I walked silently to sit beside him, but he didn’t move to touch me.

“I watch Emilia come with her new family on Sundays,” he murmured absentmindedly. We sat for a little while, listening to the quiet sounds of the woods. “I sit in a tree near the path on Sundays just so I can watch her. She is always holding Truda’s hand.”

“Yes,” I whispered.

“Mateusz is always right behind them. He scans for danger as he walks. I can tell he is a good father to her too.”

“He is.”

“I have watched you also, sitting on the steps with her after your lunch,” he said, then he smiled softly. “I see that my sister still talks a lot.”

“She does.”

“What is the paper she always carries with her when she visits?”

“Drawings,” I murmured. “She draws for me and for Mama. Flowers, mostly.” I didn’t tell him how dark those pictures had become. He seemed to have plenty to worry about without that knowledge. “They are very good—she is quite the artist.”

“Clever girl. She is sad, and she is scared, but she is loved,” he added, then he looked right at me. “Most of the Jewish children in Trzebinia are gone now, Alina.”

I frowned at the abrupt shift in the direction of our conversation.

“Well, yes... I know.”

“Most have starved to death or been taken to a camp or worked to death or executed.”

I squinted at him, confused.

“I do know this, Tomasz. It is awful and it’s sad but I know.”

“Perhaps, but do you know what the difference is between Emilia and those Jewish children?”

I struggled to find an answer to that, and in the end, could only offer a somewhat helpless, “I... I don’t know?”

“They are both children of God, but also children of our great country. They are both our hope and our future as a nation and as a species...and...that is all that should matter.” He shifted on the rock, then rose and took my hand. “Let’s walk as we talk today. I know you can’t go far from the field, but I can’t bring myself to look at you while I tell you this.”
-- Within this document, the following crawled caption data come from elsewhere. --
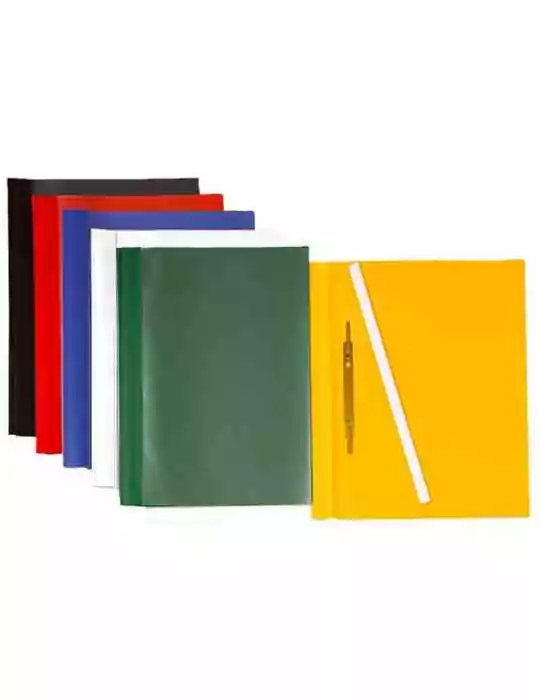 Tarjouskansio E-462 sininen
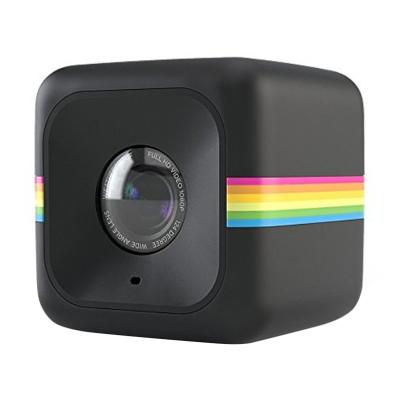 Polaroid Cube Black Action Camera
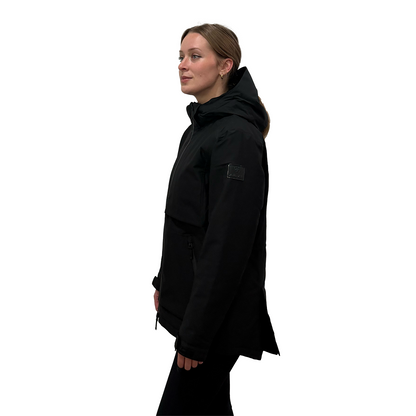 Ariat Women's Outer Banks Waterproof Jacket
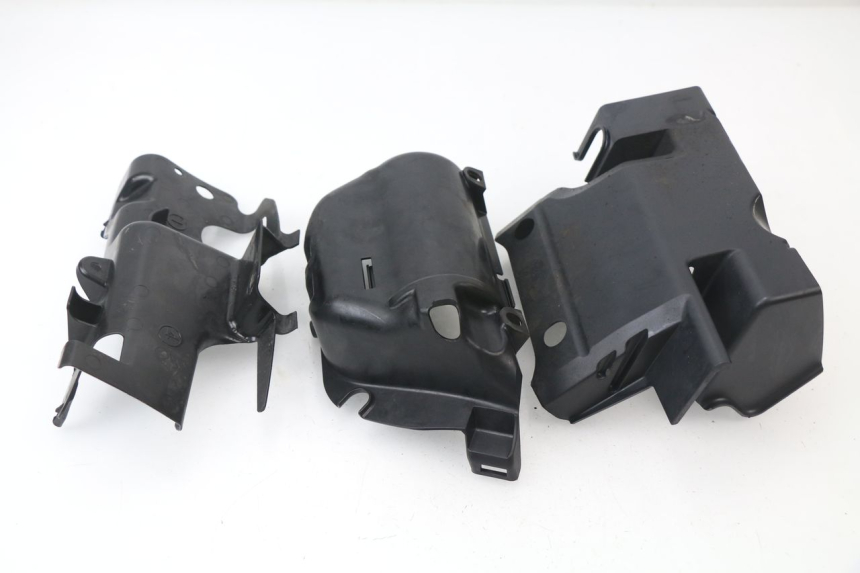 photo de COPERCHIO CILINDRO HONDA VFR F 1200 (2010 - 2015)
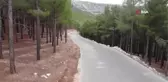 Kahramanmaraş'ın ormanları hem havadan hem de karadan gözetleniyor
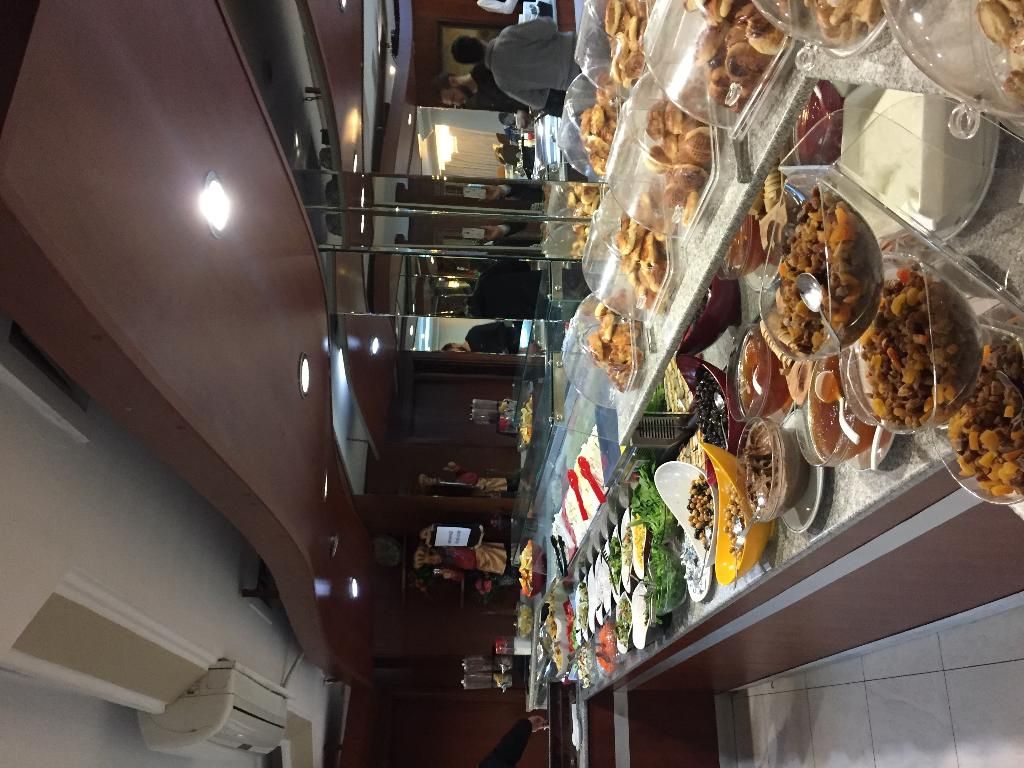 Büyük Sahinler, foto 2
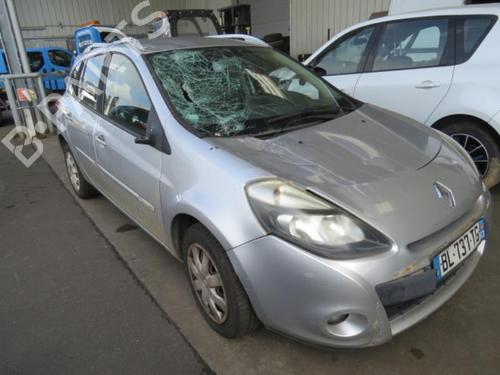 Engine RENAULT CLIO III Grandtour (KR0/1_) 1.2 16V | BP37305960M1 - Image 4
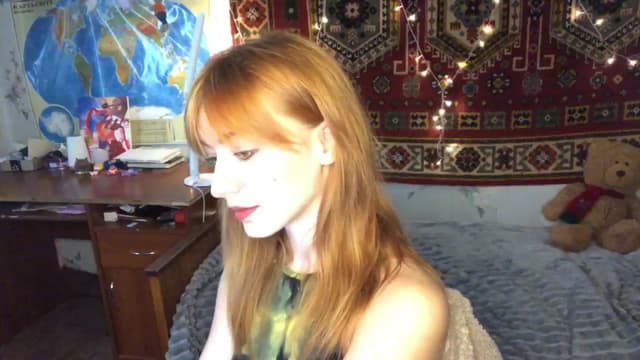 Gallery image thumbnail from Sia_A's myfreecams stream on, 10/02/2024, 10:59 image 6 of 20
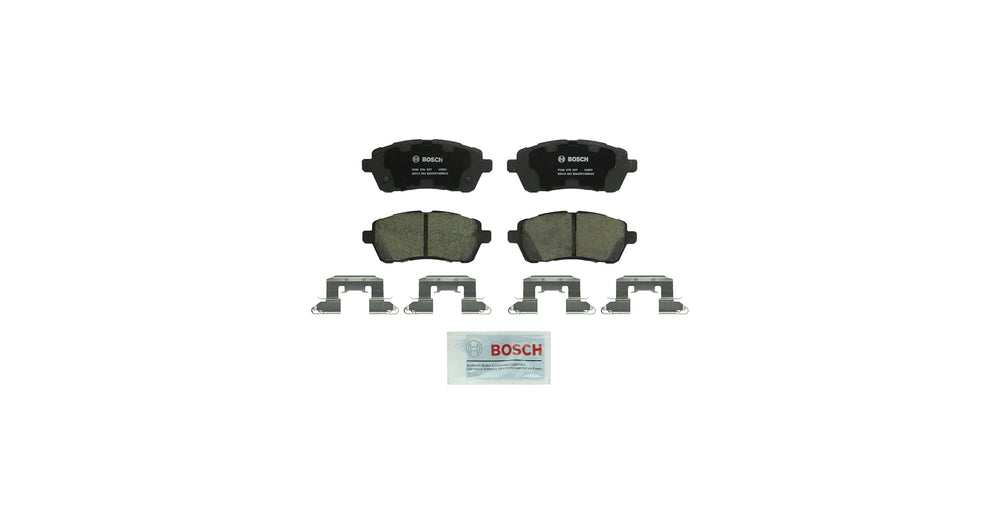 DISC BRAKE PADS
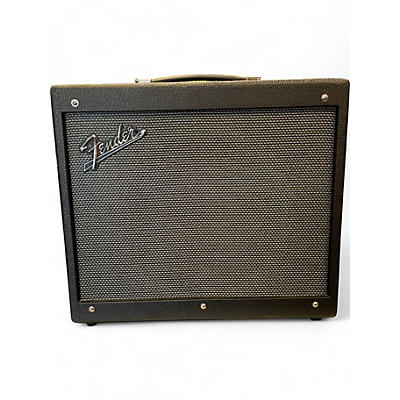 Used Fender GTX50 Mustang 1X12 Guitar Combo Amp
And so we walked in silence, off the path, along the rocky outcrops where the slope was steep. After a moment or two, he squeezed my hand and he said softly, “If Emilia was a Jewish child in Warsaw, she would be in a ghetto today. I know food is scarce here, but the children in the ghetto have been eating sawdust and rocks to fill their empty little stomachs because after a while, hunger and pain feel the same and they just need relief. And I know people have been getting sick here, but the children in the ghetto have been dying at such a rate that the authorities can’t keep up with all of the bodies. And I know that Emilia is scared here, but she still smiles. The children in the ghetto do not smile, because there are no longer any glimpses of joy in that life. There is only fear and pain and hunger. And...” He drew in a shuddering breath, then he said miserably, “Alina, if Emilia was a Jewish child in Warsaw, she would be in that ghetto. And maybe she would be there because of me.”

I stopped dead in my tracks. I had tried to prepare myself for something shameful, but I was so horrified at that statement that I couldn’t hide my reaction to it.

“What?” I croaked. I could feel the blood draining from my face. Tomasz too looked much paler even than usual. He exhaled a heavy breath and began to rub the back of his neck. He kept glancing at me, like he was trying to figure out if there was a way to avoid honesty with me even in that moment, or perhaps he was sizing me up to see if I could handle the truth after all. The silence was stretching too long, and I couldn’t stand another second of it. I hardened my gaze and crossed my arms over my chest.